Phil Ivey certainly had numerous big moments throughout his poker career, but last night probably belongs amongst the most important ones. After defeating 485-strong field in the $1,500 Eight Game Mix Event, Ivey made the history, winning his tenth WSOP bracelet and joining the short list of players with ten or more bracelets – Phil Hellmuth (13), Johnny Chan (10) and Doyle Brunson (10).
It is no surprise that the win came in the 8-game mix, as Ivey is one of the selected few who are true masters of not only No Limit Hold’em but the whole spectrum of different poker variations. And last night, it wasn’t just the bracelet at the stake for Mr. Ivey.
Daniel Negreanu and Ivey offered the prop-bet before the series started that one of them would win a bracelet and were taking bets at even money. As time was running out and number of tournaments they had in front of them was dwindling, it felt like this tournament was the one that would determine the fate of the bet.
This was especially true since both him and KidPoker made it through to Day 3 of the Event with 14 players remaining, giving them a great chance to finally lock up a bracelet. It would be an epic ending if the two ended up playing heads-up for the title, but it wasn’t meant to be, as Negreanu was eliminated in 9th place, leaving Ivey alone to stand for their cause.

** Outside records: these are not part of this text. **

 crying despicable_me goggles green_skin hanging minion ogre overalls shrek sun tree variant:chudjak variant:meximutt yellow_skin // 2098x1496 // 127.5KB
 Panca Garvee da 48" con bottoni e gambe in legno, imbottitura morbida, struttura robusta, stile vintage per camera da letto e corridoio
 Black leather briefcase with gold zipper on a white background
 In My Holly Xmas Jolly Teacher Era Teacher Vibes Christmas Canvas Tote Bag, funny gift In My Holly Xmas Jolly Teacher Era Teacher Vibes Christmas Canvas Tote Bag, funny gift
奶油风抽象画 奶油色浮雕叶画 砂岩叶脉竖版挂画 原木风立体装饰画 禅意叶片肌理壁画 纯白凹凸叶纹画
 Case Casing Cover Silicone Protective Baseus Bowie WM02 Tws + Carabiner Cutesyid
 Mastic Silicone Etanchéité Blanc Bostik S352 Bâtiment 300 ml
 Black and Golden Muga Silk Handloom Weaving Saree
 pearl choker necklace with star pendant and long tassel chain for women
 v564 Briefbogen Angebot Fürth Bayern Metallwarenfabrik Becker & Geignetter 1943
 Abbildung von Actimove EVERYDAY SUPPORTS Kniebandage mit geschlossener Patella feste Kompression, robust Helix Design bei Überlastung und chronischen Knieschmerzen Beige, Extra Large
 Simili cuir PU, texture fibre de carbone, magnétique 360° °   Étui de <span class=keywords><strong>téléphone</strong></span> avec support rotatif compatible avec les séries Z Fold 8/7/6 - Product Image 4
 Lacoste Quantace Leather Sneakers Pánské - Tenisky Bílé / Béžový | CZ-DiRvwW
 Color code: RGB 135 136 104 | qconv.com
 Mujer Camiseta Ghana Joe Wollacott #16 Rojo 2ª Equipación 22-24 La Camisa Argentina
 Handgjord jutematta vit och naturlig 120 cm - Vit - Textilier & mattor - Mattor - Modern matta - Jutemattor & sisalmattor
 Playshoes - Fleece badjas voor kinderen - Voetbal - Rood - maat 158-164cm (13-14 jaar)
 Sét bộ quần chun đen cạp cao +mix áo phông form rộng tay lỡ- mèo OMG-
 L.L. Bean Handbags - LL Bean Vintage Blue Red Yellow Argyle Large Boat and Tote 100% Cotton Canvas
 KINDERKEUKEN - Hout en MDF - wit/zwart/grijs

Tiger Woods of poker took this role very seriously and the remaining seven players stood very little chance against the menace that Ivey was at the felt last night. He would outlast every single player standing between him and the bracelet, starting with Alex Rocha. Rocha was eliminated in 8th place at hands of Dan Heimiller in a Razz hand. Next to fall was Christopher Haller who lost a coin flip to Bruce Yamron, when his pocket Nines could not hold against Yamrons #ah#kc.
Yuebin Gou was eliminated in 6th place in a Stud 8 hand, when his two pair was no good against Aces and Kings of Heimiller. Following his exit was Stephen Chidwick whose chips went to Ivey in 2-7 triple draw hand, where Ivey’s Eighty-Five was more than enough to beat Chidwick’s Jack-low. Aaron Steury finished in fourth place, when his #ad#qh was outrun by Heimiller’s #ac#jh.
One more needed to go before the heads up would start, and that man was Dan Heimiller who shoved from the button with #kh#4h and Ivey made the call with #ah#6h and flopped Heimiller nearly dead in the water. Turn card locked it up, and Heimiller was on his way to the rail, picking up $66,246 for his efforts.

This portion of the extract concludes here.